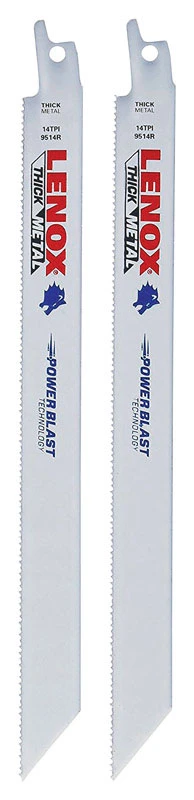 Lenox Metalwolf 9 in. Bi-Metal Wave Edge Reciprocating Saw Blade 14 TPI 2 pk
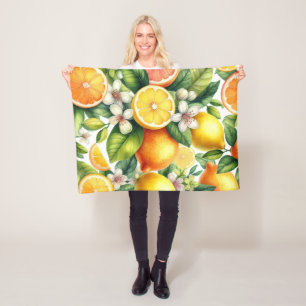 Lemons Pattern  Fleece Blanket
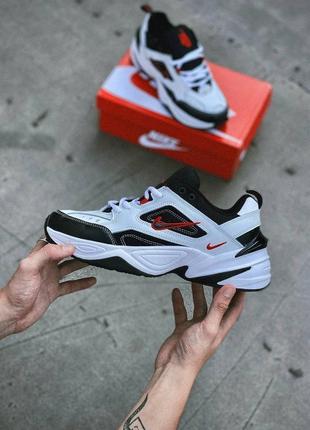 Кроссовки в стиле nike m2k tecno red-white мужские премиум кроссовки найк кожаные молодежные стильные качественные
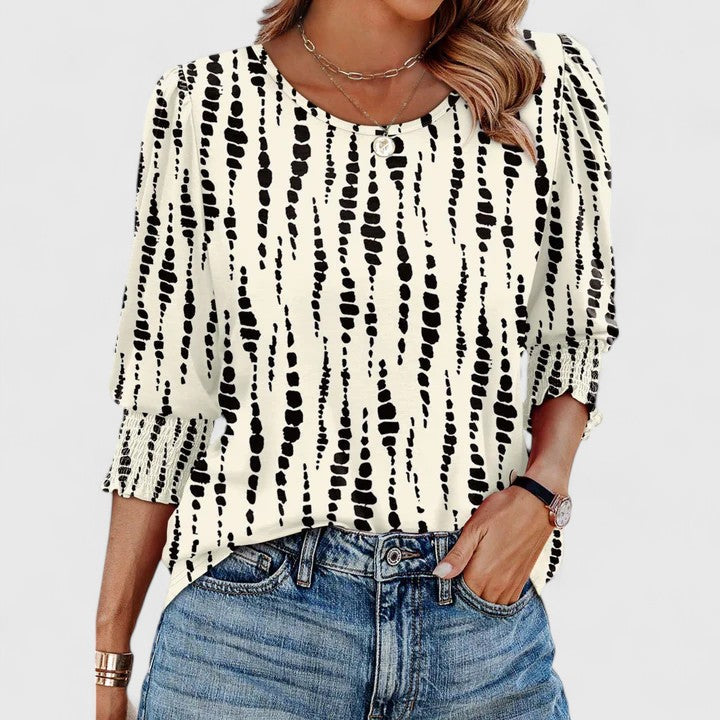 Women's Top with Smocked Cuffs and Round Neck - Black Dots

══════

Instructions to follow. Once the pictures are removed, copy the material above exactly.

Result for this exercise.
 Lenox Metalwolf 9 in. Bi-Metal Wave Edge Reciprocating Saw Blade 14 TPI 2 pk
 Lemons Pattern  Fleece Blanket
 Кроссовки в стиле nike m2k tecno red-white мужские премиум кроссовки найк кожаные молодежные стильные качественные
 Women's Top with Smocked Cuffs and Round Neck - Black Dots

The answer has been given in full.